KUBERNETES FRENZY ON AZURE ARC

This week, Microsoft has tied together another loose end with its Azure Arc, software-defined hybrid cloud platform, announcing the GA release of Azure Arc-enabled Kubernetes. K8s has been a supported feature of Arc, but unlike Red Hat OpenShift or Google Cloud Anthos, it has not been solely defined by it, or any specific K8s implementation for that matter. Azure Arc supports K8s, but also supports more traditional virtualization regimes such as physical and virtual servers both Linux and Windows running on Hyper-V or VMware.

The significance of K8s support is simplifying the autoscaling and security in any cloud environment. It comes through standard approaches to orchestrating all the tasks necessary operating a cloud-native environment that runs on containers, with data and applications functions refactored as microservices. All Azure cloud services that currently run on Arc, including Azure Data Services, and as Andrew has covered, Azure Machine Learning, require a K8s environment.
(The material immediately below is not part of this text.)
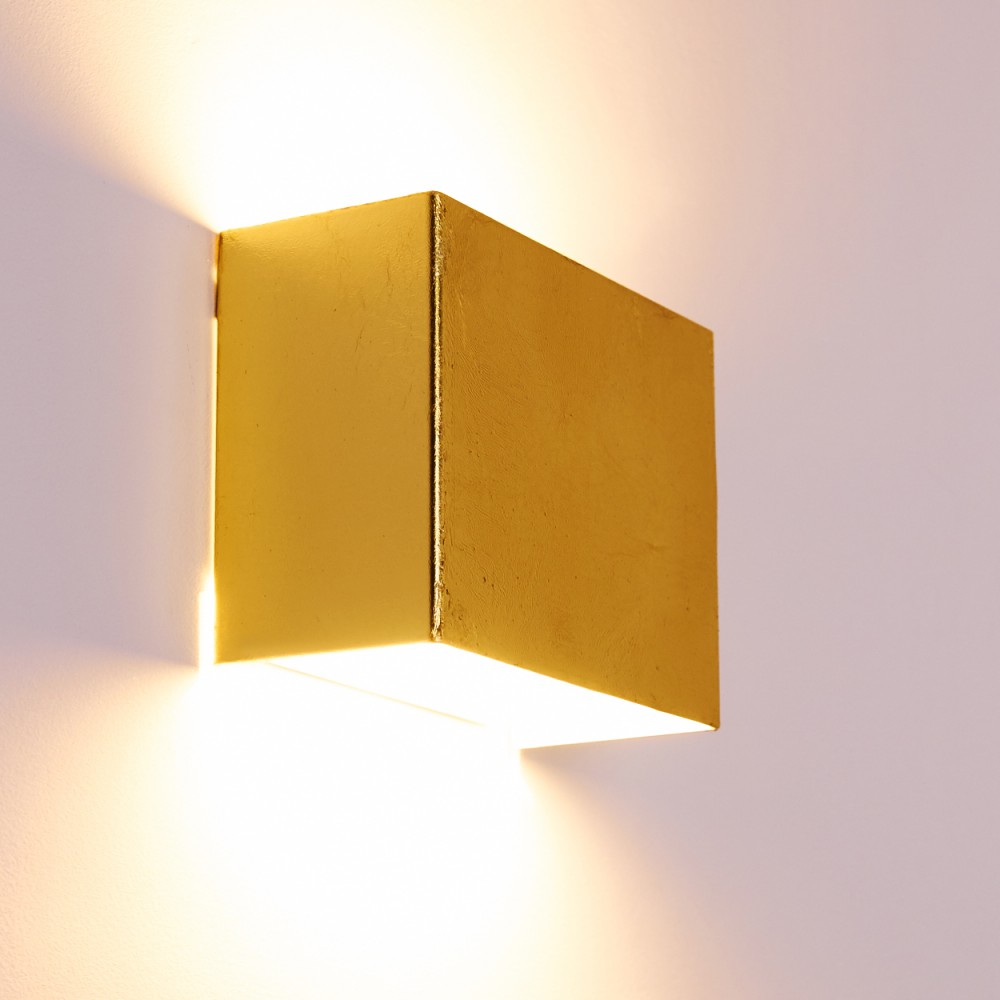 Eine goldene, würfelförmige Wandleuchte beleuchtet die Wand. Licht scheint von unten und den Seiten und wirft Schatten auf eine weiße Wand.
This week’s GA announcement for K8s on Arc clears the way for Azure services to in turn become production-ready on the hybrid platform. That’s an obvious first step, but for now, organizations seeking to take advantage of Azure-enabled Kubernetes must have internal knowledge on how to create and onboard K8s clusters. We’re looking forward to the day when Microsoft buries this in a black box, clearing the way for IT organizations that may not have K8s experts to run these services within their own data centers, or conceivably, some other public cloud.

Disclosure: AWS, DataStax, and Microsoft are dbInsight clients.